Write Fast Enough to Stay Ahead of the Doubts

In his Hollywood noir novel A Graveyard for Lunatics, Ray Bradbury writes a scene in which the unnamed narrator-protagonist (a fictionalized version of Bradbury himself) hands a movie script to Fritz the movie director (a composite character based on Bradbury’s friend, director Fritz Lang, and Bradbury’s Moby Dick nemesis, director John Huston). The shocked director gulps his glass of wine and can’t believe the writer has produced this script in less than a day.

“Cut the comedy!” Fritz says. “You couldn’t have written that in a few hours!”

“Sorry,” the narrator replies. “Only the fast stuff is good. Slow down, you think what you’re doing and it gets bad.”

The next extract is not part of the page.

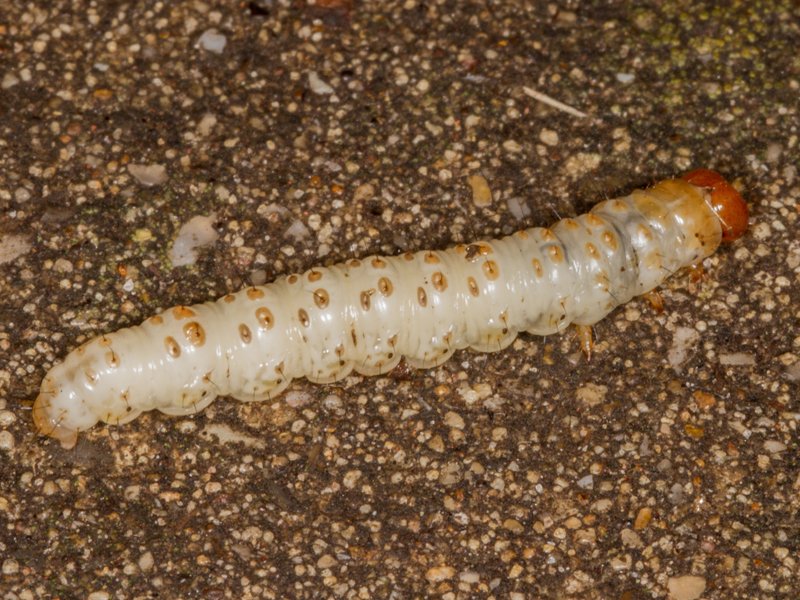 Dave Appleton tweet media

This is not just a scene in a Bradbury novel. This is the essence of Bradbury’s philosophy of writing, and it’s the way he approached every story, novel, and screenplay he ever wrote. As he told Writer’s Digest in a February 1976 interview, “The only good writing is intuitive writing. It would be a big bore if you knew where it was going. It has to be exciting, instantaneous and it has to be a surprise. Then it all comes blurting out and it’s beautiful. I’ve had a sign by my typewriter for 25 years now which reads, ‘Don’t Think!'”

And Stephen King, in On Writing: A Memoir of the Craft, also wrote about the need for speed: “With the door shut, downloading what’s in my head directly to the page, I write as fast as I can and still remain comfortable. Writing fiction, especially a long work of fiction, can be a difficult, lonely job. It’s like crossing the Atlantic Ocean in a bathtub. There is plenty of opportunity for self-doubt. If I write rapidly, putting down my story exactly as it comes into my mind, only looking back to check the names of my characters and the relevant parts of their back stories, I find that I can keep up with my original enthusiasm and at the same time outrun the self-doubt that’s always waiting to settle in.”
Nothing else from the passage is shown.